> [WHAT IS BEING ASKED]
Produce an exact copy of all the data below, dropping every image.

> [SOURCE DATA]
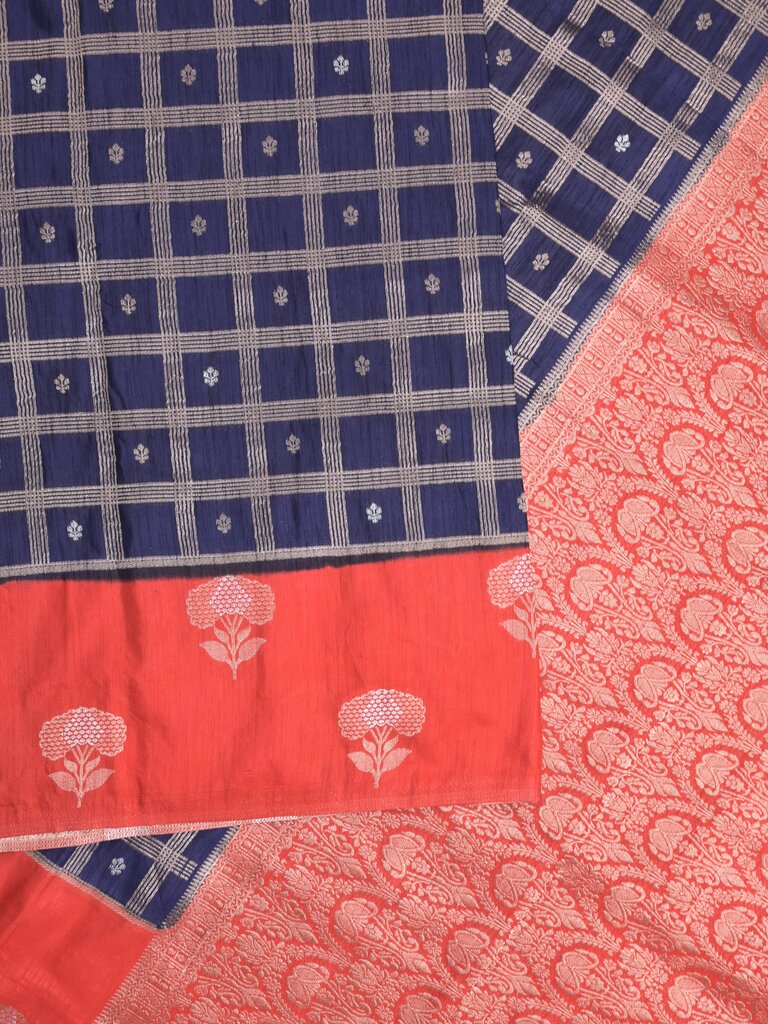 Jute matka fancy saree for women | orange | checks | party wear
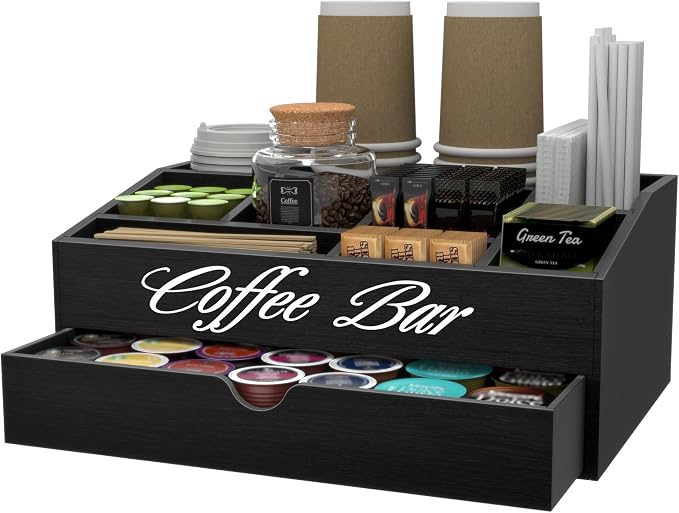 Suli 2-Tier Coffee Bar Station Organizer for Countertop,Extra large | Coffee Storage Basket for Kitchen Counter,Office,Hotel,Pod Holder with Drawer for Condiment Syrup,Tea Cup,Wooden,Rustic Black by Suli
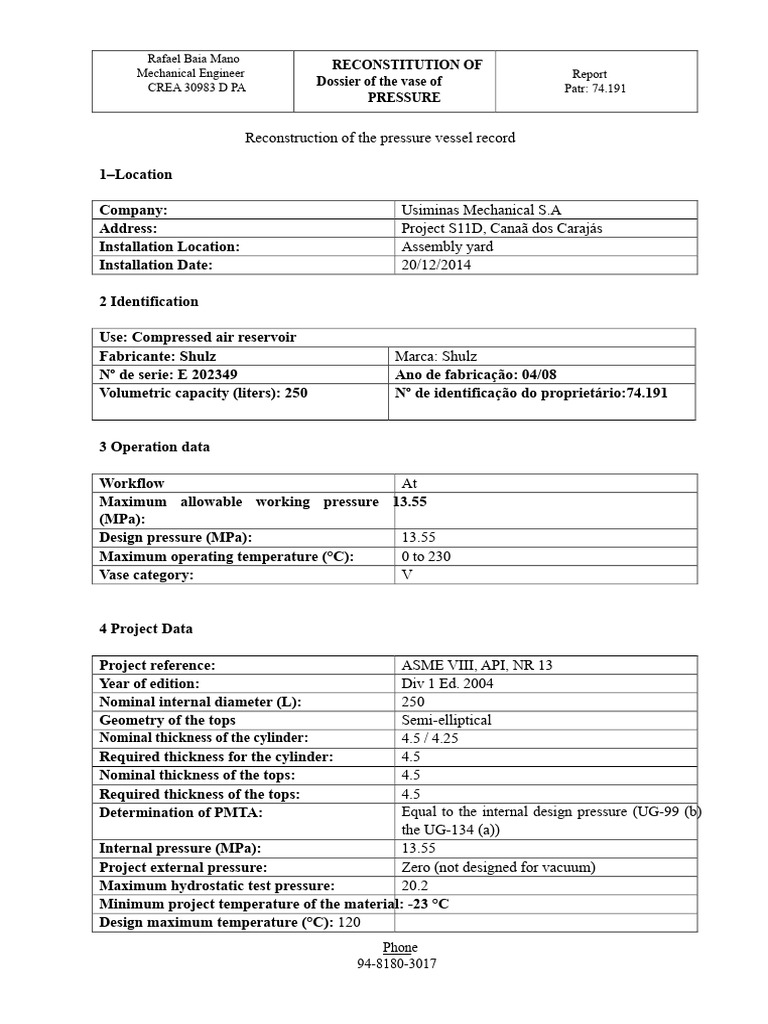 Pressure Vessel Reconstruction Report | PDF | Pressure | Industrial ...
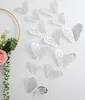 12 stks / set Rose Gold 3D Hollow Butterfly Muursticker voor Home Decor Butterflies Stickers Kamer Decoratie voor Party Wedding Decor SL33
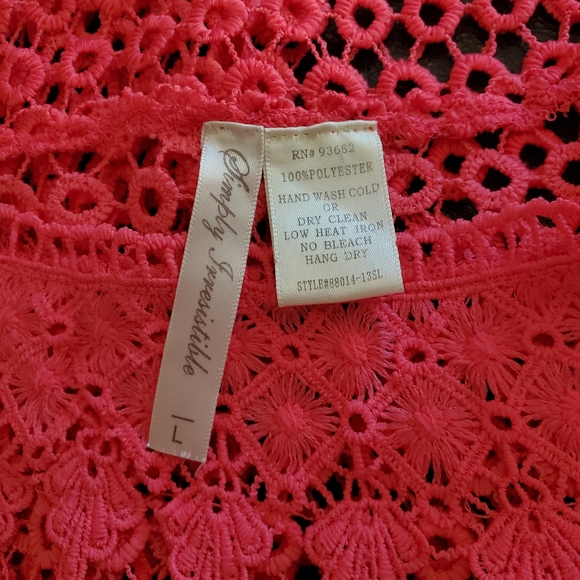 Simply Irresistible Hot Pink Crochet Swim-Beach-Pool Cover Up Size L Classic - Picture 13 of 13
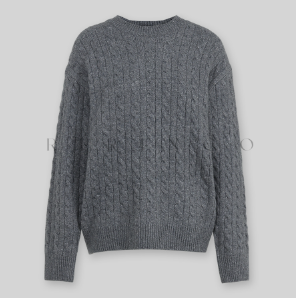RIRINCO - Nuelore Wool Round Neck Cable Knit Sweater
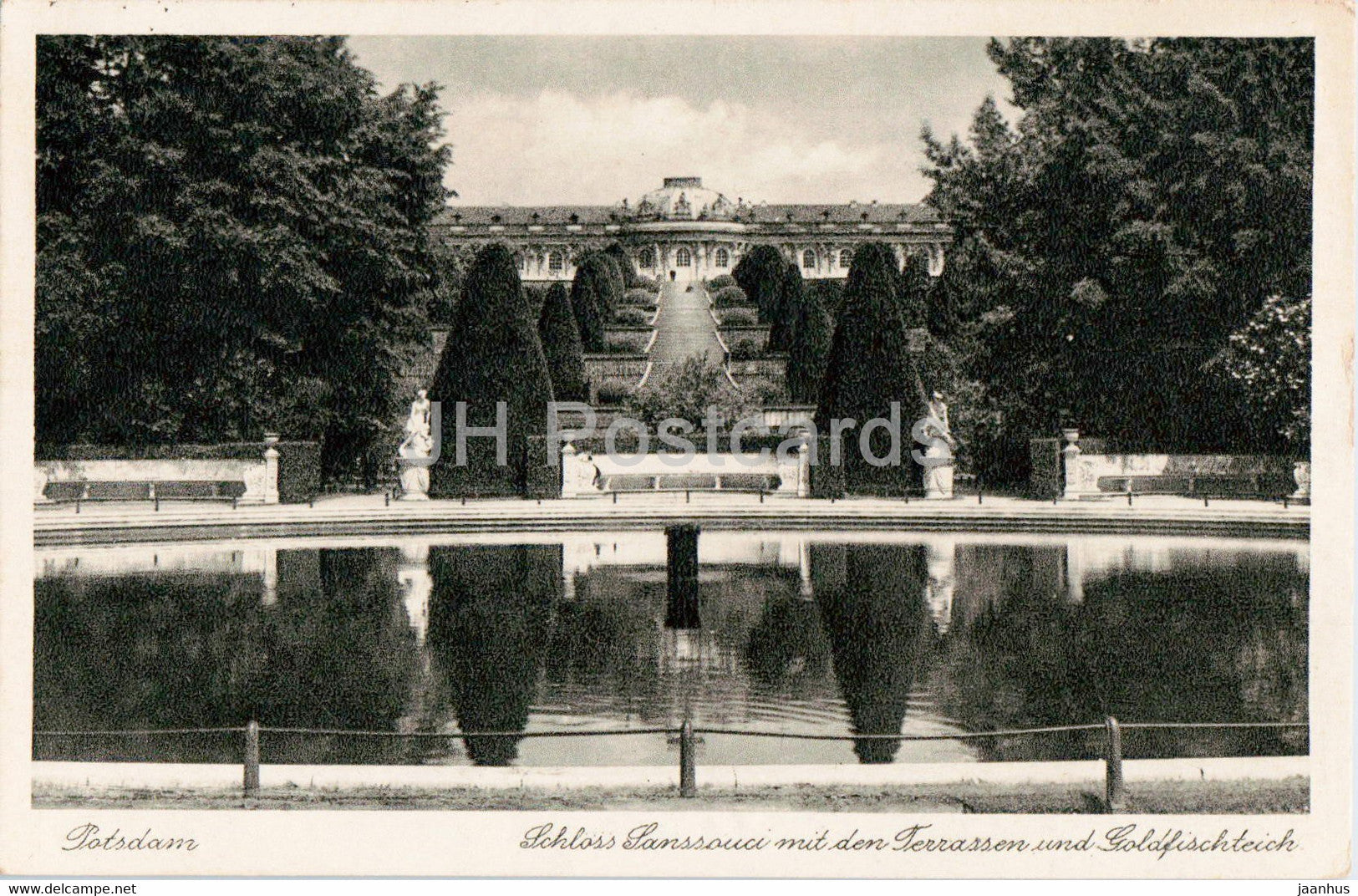 Potsdam - Schloss Sanssouci mit den Terrassen und Goldfischteich - castle - 1541 - old postcard - 1930 - Germany - used - JH Postcards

> [TASK RESPONSE]
 Jute matka fancy saree for women | orange | checks | party wear
 Suli 2-Tier Coffee Bar Station Organizer for Countertop,Extra large | Coffee Storage Basket for Kitchen Counter,Office,Hotel,Pod Holder with Drawer for Condiment Syrup,Tea Cup,Wooden,Rustic Black by Suli
 Pressure Vessel Reconstruction Report | PDF | Pressure | Industrial ...
 12 stks / set Rose Gold 3D Hollow Butterfly Muursticker voor Home Decor Butterflies Stickers Kamer Decoratie voor Party Wedding Decor SL33
 Simply Irresistible Hot Pink Crochet Swim-Beach-Pool Cover Up Size L Classic - Picture 13 of 13
RIRINCO - Nuelore Wool Round Neck Cable Knit Sweater
 Potsdam - Schloss Sanssouci mit den Terrassen und Goldfischteich - castle - 1541 - old postcard - 1930 - Germany - used - JH Postcards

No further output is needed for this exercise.